AWS Big Data Blog

Integrate Amazon Redshift native IdP federation with Microsoft Azure AD and Power BI

Amazon Redshift accelerates your time to insights with fast, easy, and secure cloud data warehousing at scale. Tens of thousands of customers rely on Amazon Redshift to analyze exabytes of data and run complex analytical queries.

As enterprise customers look to build their data warehouse on Amazon Redshift, they have many integration needs with the business intelligence (BI) tools they’re using. For customers who want to integrate Amazon Redshift with their existing identity provider (IdP) such as Microsoft Azure Active Directory (Azure AD) using BI tools and services such as Power BI Desktop and Power BI service, we have introduced a native IdP for Amazon Redshift to help you implement authentication and authorization for these tools in a seamless way.

Amazon Redshift native IdP simplifies the administration process of managing identities and permission. This feature provides native integration with Microsoft Azure AD, which you can use for authentication and authorization with tools like Power BI. It uses your existing IdP to simplify authentication and managing permissions. It does this by making it possible to share identity metadata to Amazon Redshift from your IdP. In this approach, an external IdP (such as Azure AD) issues an access token, which is passed to Amazon Redshift via a client, and then Amazon Redshift performs the token validation and claim extraction natively.

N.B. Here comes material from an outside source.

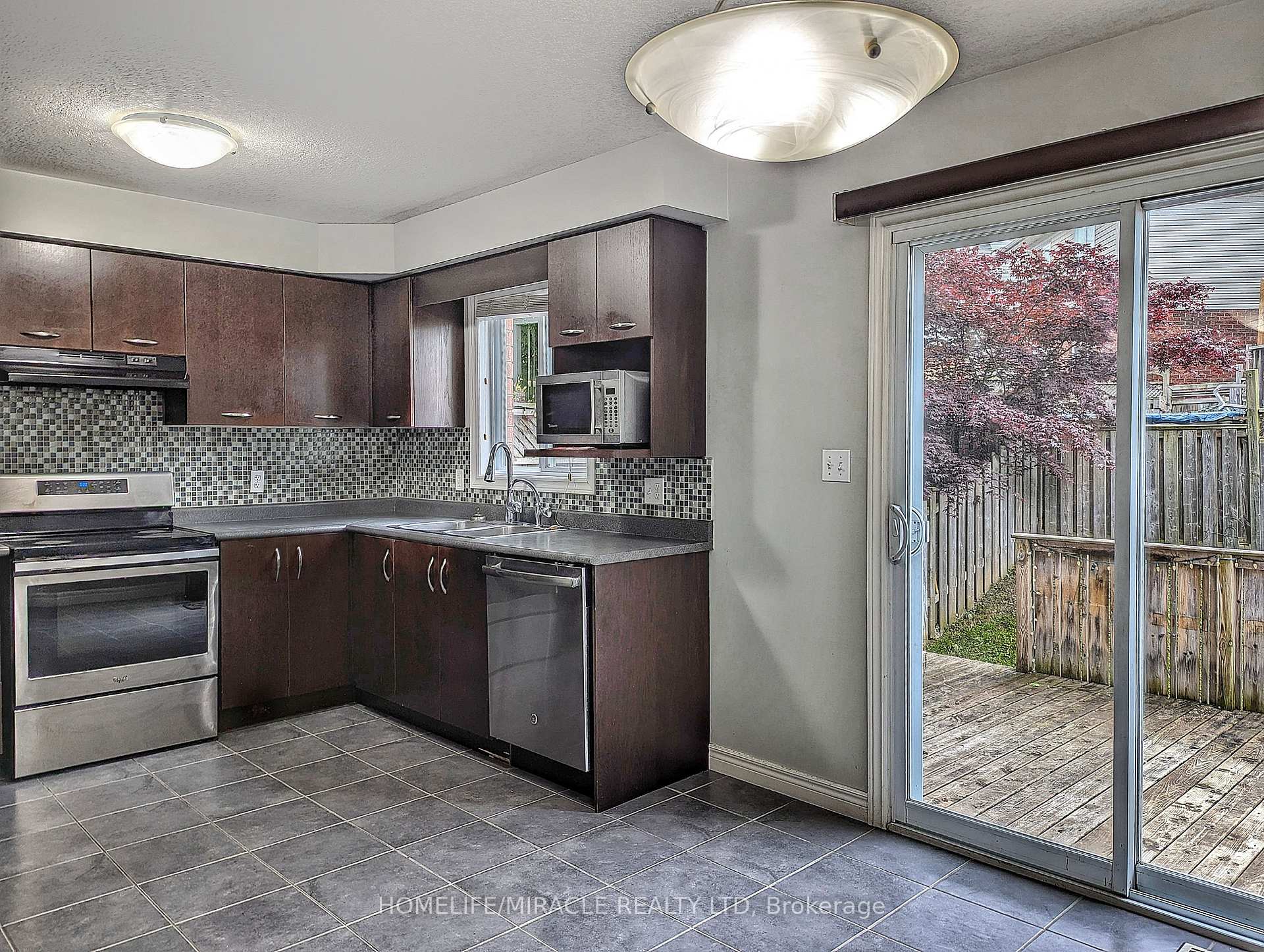 Photo 28 of 10 Tudor Street, Kitchener — HOMEH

This post shows a step-by-step implementation of the Amazon Redshift native IdP setup with Azure AD, which demonstrates how to manage users and groups with an organizational directory, and how to federate into Amazon Redshift. You don’t need to create AWS Identity and Access Management (IAM) roles, policies, separate database users, or groups in Amazon Redshift with this setup.

Solution overview

Using an Amazon Redshift native IdP has the following benefits:

  • You can manage users and groups from a centralized IdP
  • Enables your users to be automatically signed in to Amazon Redshift with their Azure AD accounts
  • You can automatically create Amazon Redshift roles with a namespace that represents external groups (such as Azure AD groups)
  • External user group membership is natively mirrored with Amazon Redshift roles and users

The general configuration steps of the Amazon Redshift native IdP approach are as follows:

  1. Register an application in Azure AD and set up groups.
  2. Collect Azure AD information for the Amazon Redshift IdP.
  3. Set up the IdP on Amazon Redshift.
  4. Set up Amazon Redshift permissions to external identities.
  5. Configure the client connection.

The following diagram illustrates the resulting solution.

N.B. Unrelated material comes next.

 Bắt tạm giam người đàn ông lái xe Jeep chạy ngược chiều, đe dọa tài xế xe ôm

To get authorized, the Power BI client sends an authentication request to the Azure enterprise application using Azure AD credentials. After verification, Azure sends a JSON web token (OAuth token) to the Power BI application. The Power BI application forwards the connection string with the OAuth token to Amazon Redshift. Amazon Redshift parses and validates the token, and requests group information from Azure AD. Upon reception, Amazon Redshift automatically creates the user and roles, and does the respective mapping.

Prerequisites

You need the following prerequisites to set up this solution:

  • A Microsoft Azure account that has an active subscription. You need to an admin role to set up the application on Azure AD.
  • Power BI Desktop version 2.102.683.0 64-bit and above downloaded and installed. In this example, we have use a Windows environment.
  • The latest version of the Microsoft Enterprise/Standard Gateway installed.
  • An AWS account with an Amazon Redshift cluster. In this post, we connect Power BI Desktop and service with a publicly accessible Amazon Redshift cluster.

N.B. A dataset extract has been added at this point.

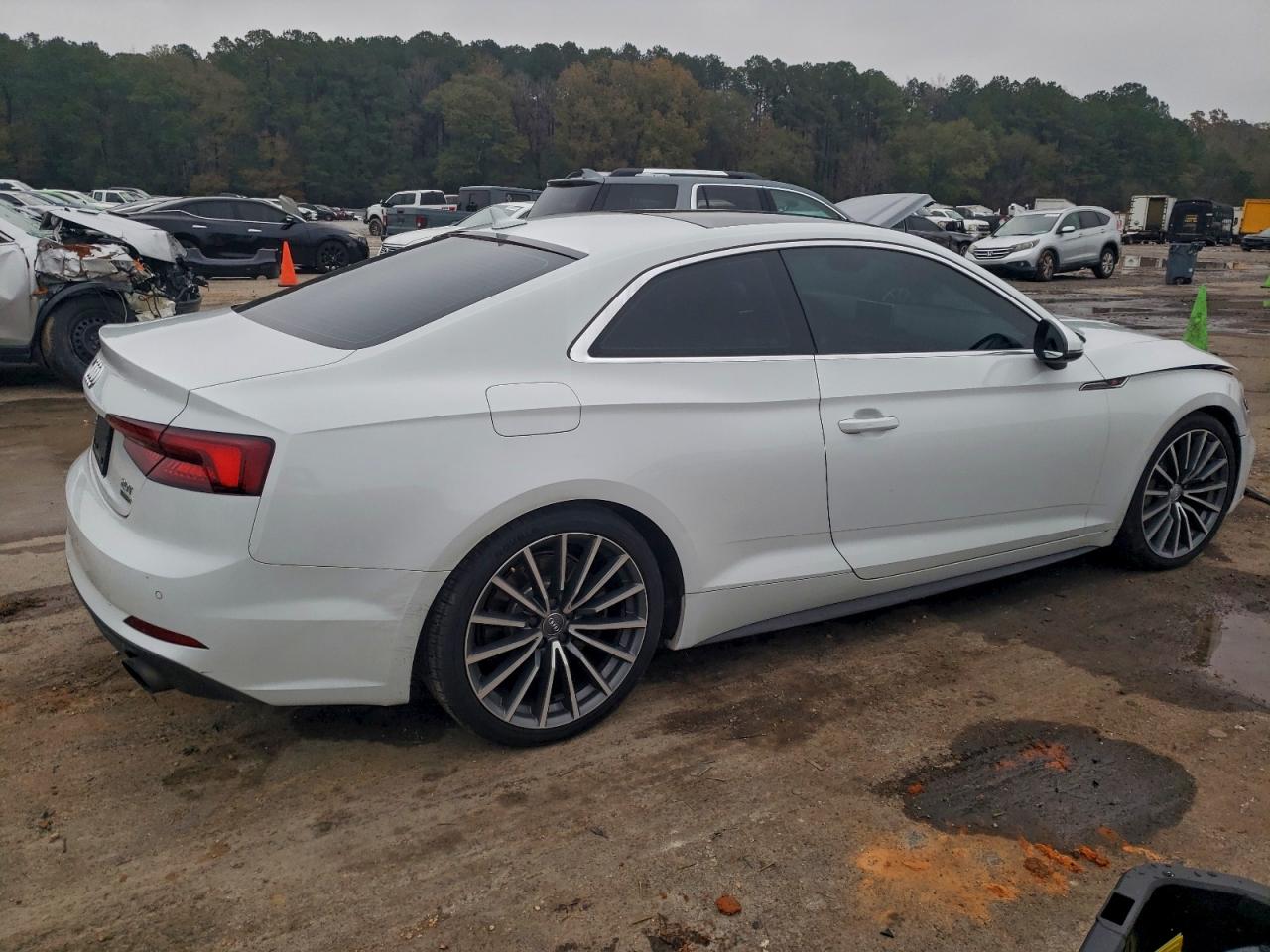 Audi A5 Premium Plus S-line Image 2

Register an application in Azure AD and set up groups

To set up the Azure application and group permission, complete the following steps:

  1. Sign in to the Azure portal with your Microsoft account.
  2. Navigate to the Azure Active Directory application.
  3. Under Manage, choose App registrations and New registration.
  4. For Name, enter an application name (for example, nativeoauthsetup).
  5. Keep the default settings for the rest of the fields.
  6. Choose Register to complete the initial application registration.
  7. On the newly created application Overview page, locate the client ID and tenant ID and note down these IDs in order to register the IdP in Amazon Redshift later.
  8. Under Manage in the navigation pane, choose API permissions.
  9. Choose Add a permission.
  10. Choose Microsoft Graph and then choose Application permissions.
  11. Search for directory and select the Directory.Read.All permission.
  12. Choose Add permissions.
  13. Choose Grant admin consent.
  14. In the popup box, choose Yes to grant the admin consent.

The status of the permission shows Granted for with a green check mark.

  1. Under Manage in the navigation pane, choose Certificates & secrets.
  2. Choose Client secrets and choose New client secret.
  3. Enter a Description, select an expiration for the secret or specify a custom lifetime. We are keeping Microsoft recommended default expiration value of 6 months. Choose Add.
  4. Copy the secret value.

It would only be present one time and after that you cannot read it.

  1. On the Azure AD home page, under Manage in the navigation pane, choose Groups.
  2. Choose New group.
  3. In the New Group section, provide the required information.
  4. Choose No members selected and then search for the members.
  5. Select your members and choose Select. For this example, you can search your username and click select.

You can see the number of members in the Members section.

  1. Choose Create.

Collect Azure AD Information for Amazon Redshift IdP

Before we collect the Azure AD information, we need to identify the access token version from the application which you have created earlier. In the navigation pane, under Manage, choose Manifest section, then view the accessTokenAcceptedVersion parameter: null and 1 indicate v1.0 tokens, and 2 indicates v2.0 tokens.

To configure your IdP in Amazon Redshift, collect the following parameters from Azure AD. If don’t have these parameters, contact your Azure admin.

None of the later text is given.